(Beginning of Provided data)

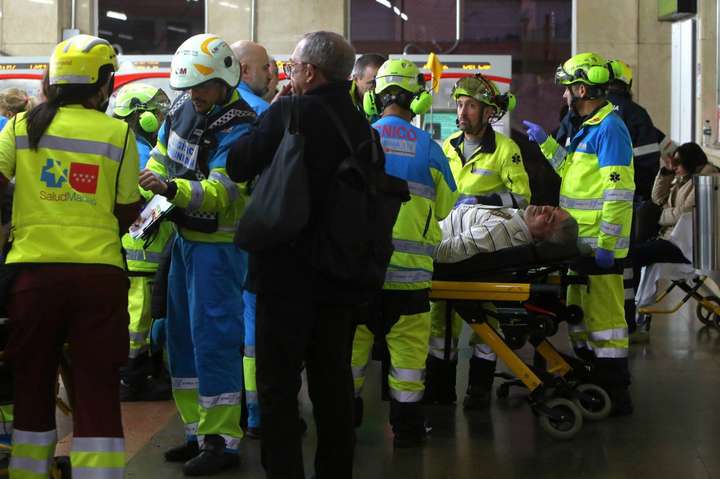 В Іспанії приміський потяг в’їхав в огорожу: десятки постраждалих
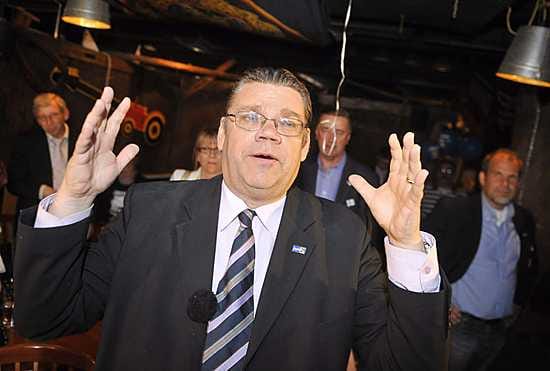 Timo Soini peussuomalaisten EU-vaalivalvojaisissa ravintola Zetorissa Helsingissä sunnuntaina.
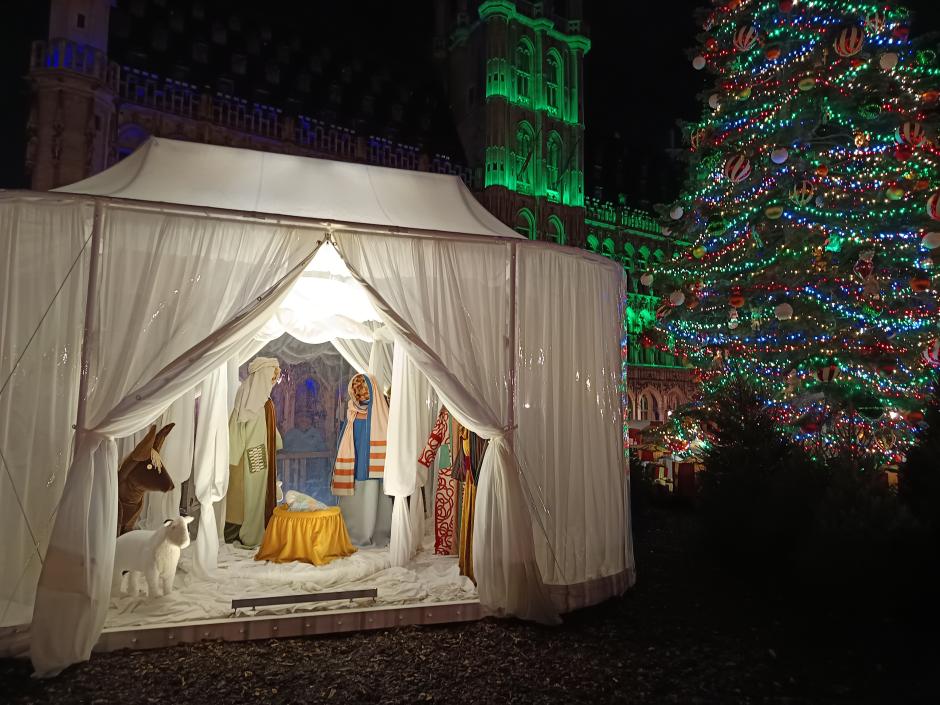 Instalación del Belén en la Grand Place de Bruselas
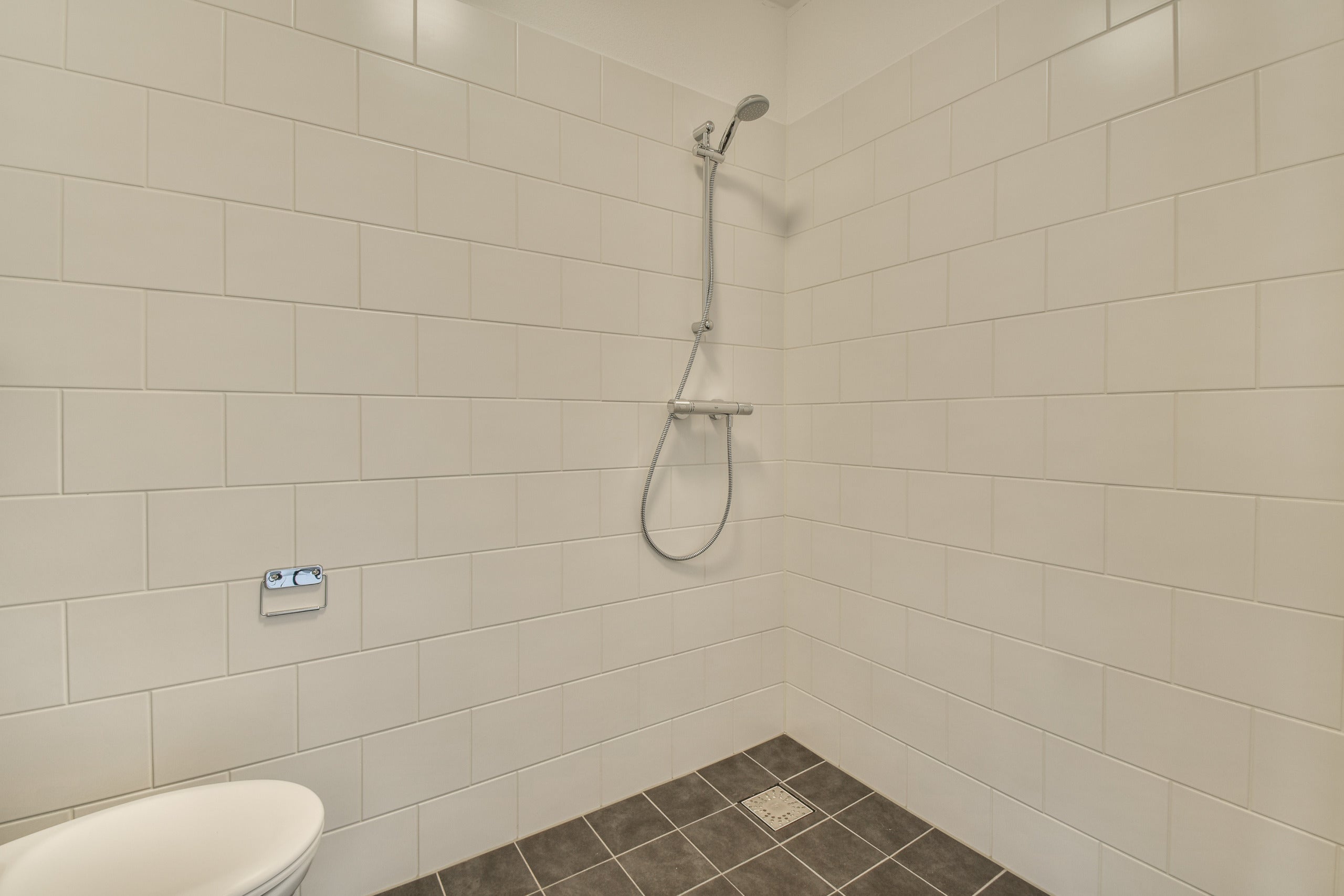 Studio te huur: Waldorpstraat 491A, 'S-Gravenhage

(End of Provided data)

-- Assignment --
Print the whole listing above once more, word for word, without its pictures.

-- Task solution --
 В Іспанії приміський потяг в’їхав в огорожу: десятки постраждалих
 Timo Soini peussuomalaisten EU-vaalivalvojaisissa ravintola Zetorissa Helsingissä sunnuntaina.
 Instalación del Belén en la Grand Place de Bruselas
 Studio te huur: Waldorpstraat 491A, 'S-Gravenhage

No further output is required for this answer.